Steve Brockett

Born in Worthing UK in 1960, I moved to Wales as a child and undertook my professional training in Fine Art and Painting at Cardiff. Between 1985 and 2002 I exhibited widely and developed an international reputation for Kite Art.

In the early 90s I began spending time in Spain and in 1998 I returned to oil painting, then spending a period of 6 months full time painting in Spain. Most of my painting is to commission and alongside my kites they are held in numerous private collections around the world.

After 11 years as a paragliding pilot; starting to fly paramotors in 2006 gave me the opportunity to be in the air and concentrate on the subtleties of the land. What I saw, and was drawn to, was this textural landscape and mark-making that directly links to my latest paintings. The camera has become a perfect tool to capture and convey this world. For me, these aerial images that make up my current work are both revealing and compelling.

Lines in the landscape have a fascination, from the Nazcar lines to the Great Wall of China – these momentous delineations of the landscape viewed from above remind us of our love of making marks on this world in a grand scale. However, unbeknownst to us, we are making marks on a smaller, but no less aesthetic scale, from footprints that trace journeys in soft ground; the emboldened marks and divisions in the landscape that were drawn by tractors, vehicles, planting and the variation of form through the passage of the sun.

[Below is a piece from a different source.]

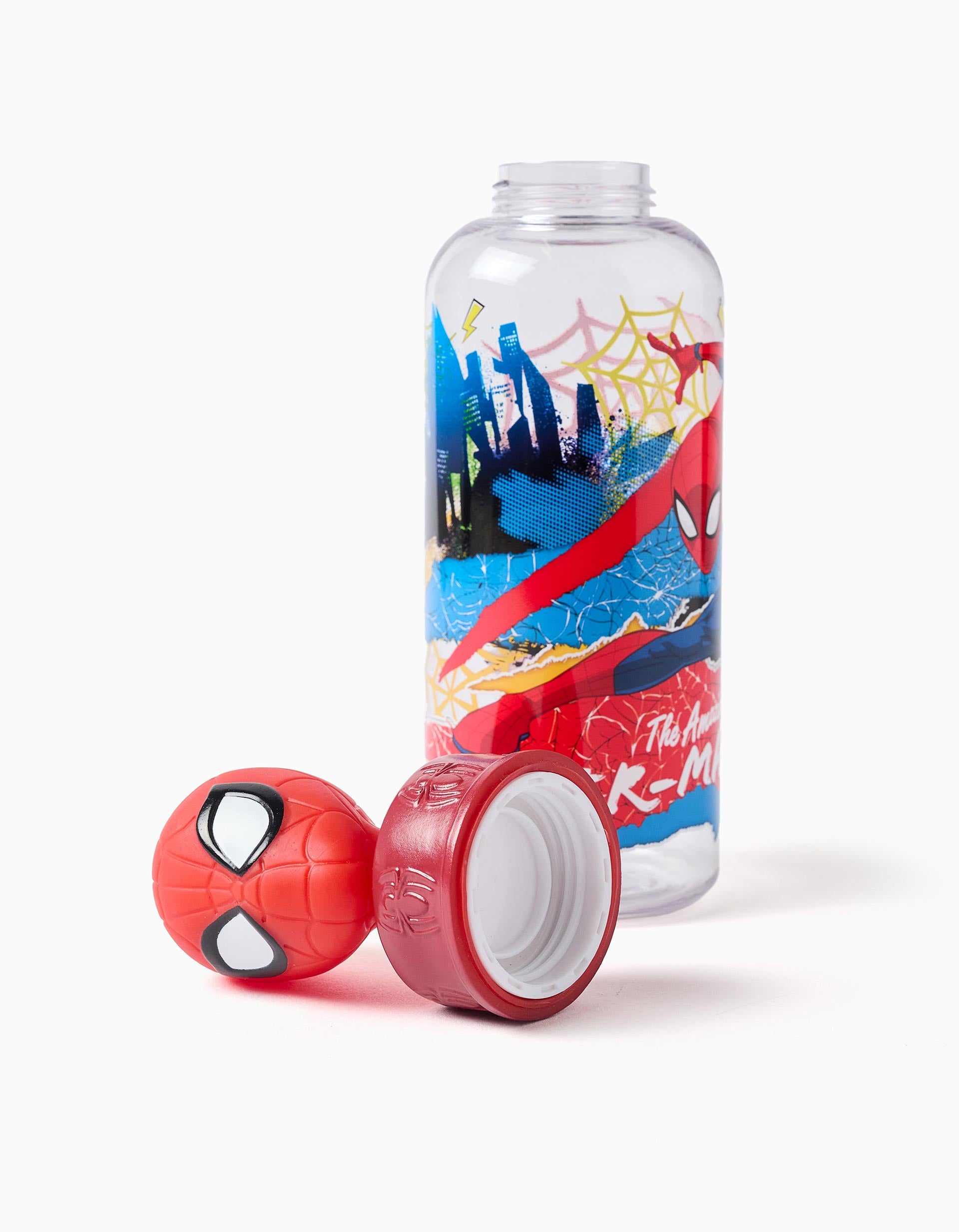Water bottle with 3D Spider-Man 560ml for boys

These are aerial images taken from my paramotor – the oblique and long shadows causing ephemeral worlds to be created under my feet. Flying makes these visible – our paths, our patterns, our ways.

Clementina van der Walt

Clementina has been a significant force in South African ceramics for the last three decades. A recent exhibitor at Ceramic Art London (Royal College of Art), she comes to us with a new collection of work. Here is an artist working with a unique purity and vibrancy, from outside the British ceramic tradition.

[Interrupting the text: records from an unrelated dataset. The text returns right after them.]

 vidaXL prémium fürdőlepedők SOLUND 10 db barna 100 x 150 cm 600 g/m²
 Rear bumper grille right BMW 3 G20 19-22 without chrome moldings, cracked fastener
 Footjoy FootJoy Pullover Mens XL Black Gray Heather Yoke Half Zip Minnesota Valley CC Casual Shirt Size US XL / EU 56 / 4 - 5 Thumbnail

‘Clementina’s platters, bowls and cups serve as objects both for use and for contemplation… They are touched by hand and lip as well as the eye and mind… the smooth gloss interior of a plate where the food is to rest is set against the matt surface of the rim – sufficiently rough to speak of baked earth but not coarse enough to repel the hand… They are lyrical and light. They make reference to the African cultural and physical landscape in the play of colour – a dark brown of wet earth against the ochre of burnt veldt; the khaki of grass against the white of cloud, and always the grace note of that wonderful ox blood red.’

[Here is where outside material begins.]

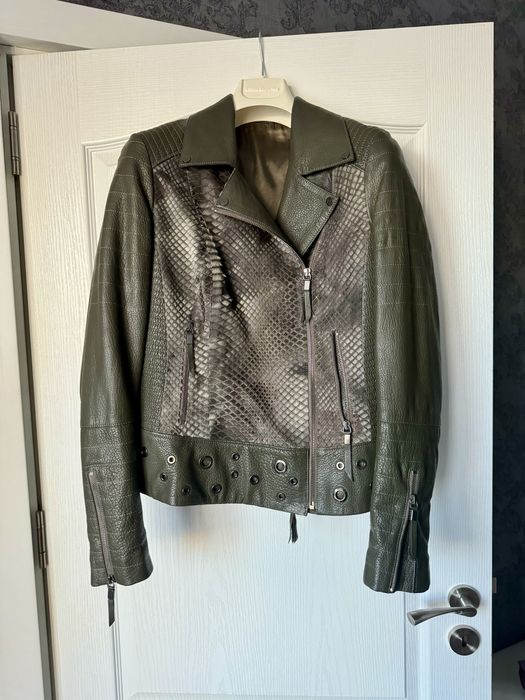 супер ЕФЕКТНО Дамско яке КОЖА ПОНИ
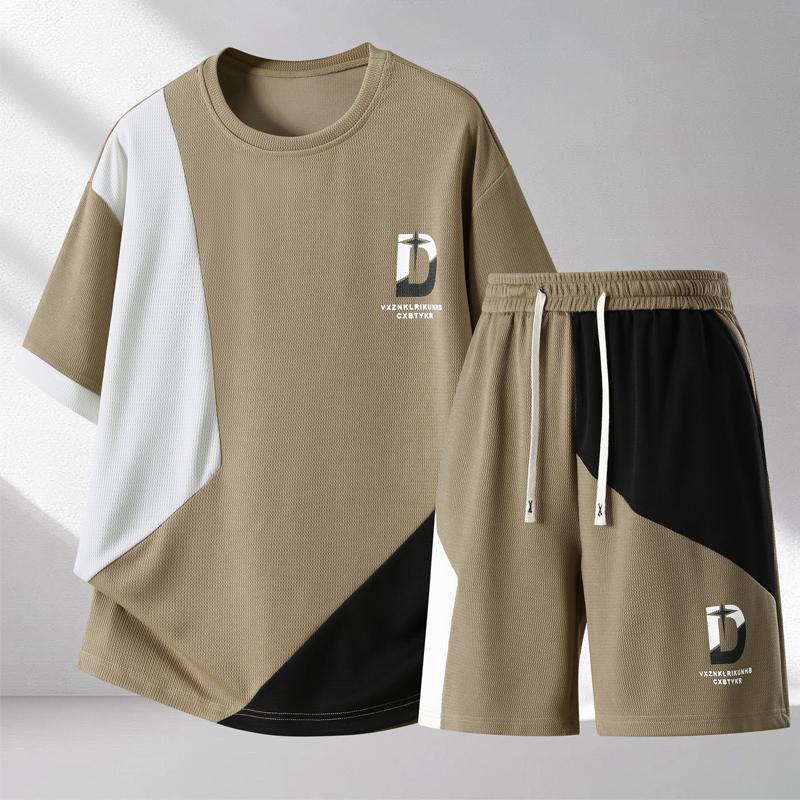 Men s Plus Size Color Block T-Shirt & Shorts Set, Breathable Summer Casual Outfit (5XL-12XL) 12XL(160kg-170kg) коричневий
Men s Plus Size Color Block T-Shirt & Shorts Set, Breathable Summer Casual Outfit (5XL-12XL) 12XL(160kg-170kg) коричневий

(Exhibition review by Wilma Cruise, Irma Stern Museum, Cape Town, 2005.)

Syann van Niftrik

Syann was born in South Africa, and originally trained as a ceramic designer. The shift from architectural mural works to jewellery came when she moved to The Netherlands in 1971, and her first UK studio was set up in 1979. Syann is an established maker, who has exhibited widely and is currently a visiting lecturer on the BA Jewellery course at Central St. Martins, London. She also mentors students from Edinburgh School of Art, Central St. Martins and the Bournemouth Institute.

‘My early years were passed in Africa with unmistakable rhythms, textures and hues. I breathed it in deeply winding it freely into my northern birth right. Together these cultures gave me a palette of totems from which to create a comforting philosophy in the solidity and validity of abstract creation. My work draws freely from my environment without being representational. It is the possibilities inherent in the material and the making process that interests me and I like this to be discernible. I consciously keep the methods simple in order to leave room for elements of my subconscious, and the response of the viewer, to take hold. This together with a need to make a piece that sits on and moves comfortably with the body is what I seek to do.’